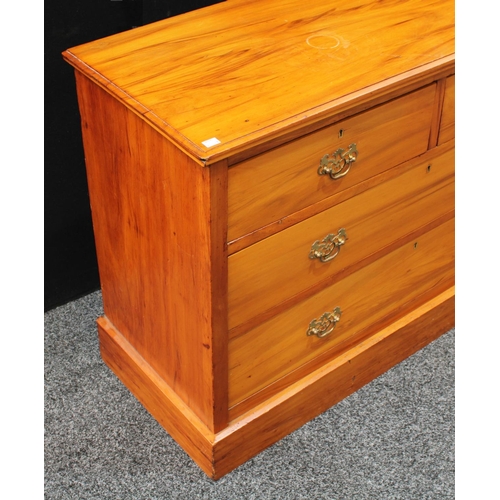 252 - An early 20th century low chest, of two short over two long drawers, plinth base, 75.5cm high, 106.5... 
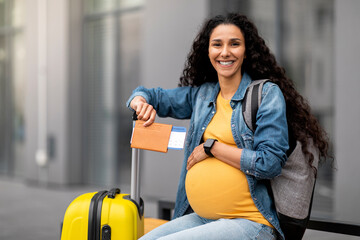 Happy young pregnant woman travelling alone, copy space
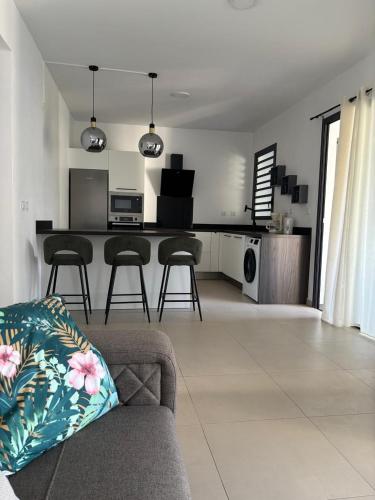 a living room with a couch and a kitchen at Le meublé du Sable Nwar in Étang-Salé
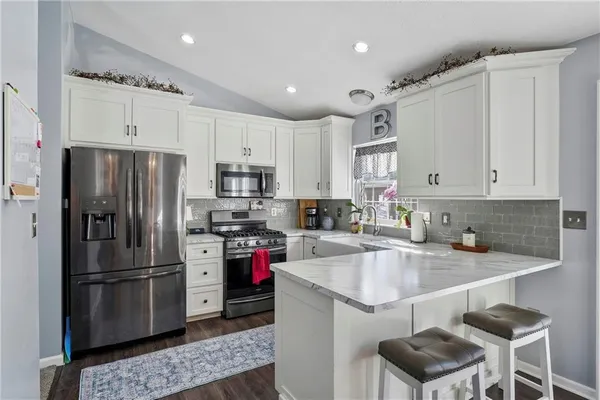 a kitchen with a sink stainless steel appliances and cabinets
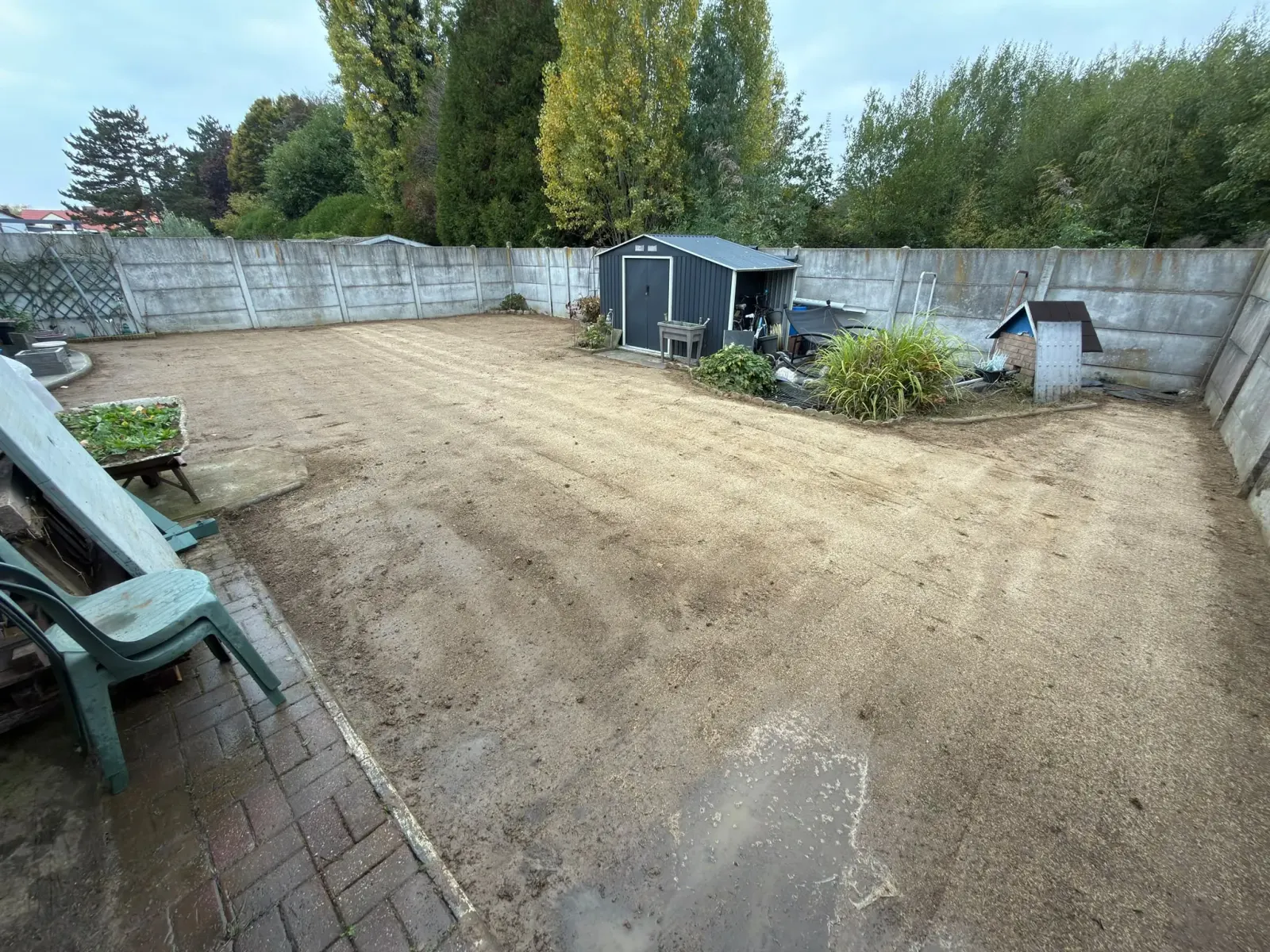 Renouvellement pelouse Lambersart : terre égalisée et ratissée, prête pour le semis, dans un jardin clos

Required action: Retype precisely, and only, the lines from the one holding "a living room" through the final line of the data above, with the pictures omitted.

Output below:
 a living room with a couch and a kitchen at Le meublé du Sable Nwar in Étang-Salé
 a kitchen with a sink stainless steel appliances and cabinets
 Renouvellement pelouse Lambersart : terre égalisée et ratissée, prête pour le semis, dans un jardin clos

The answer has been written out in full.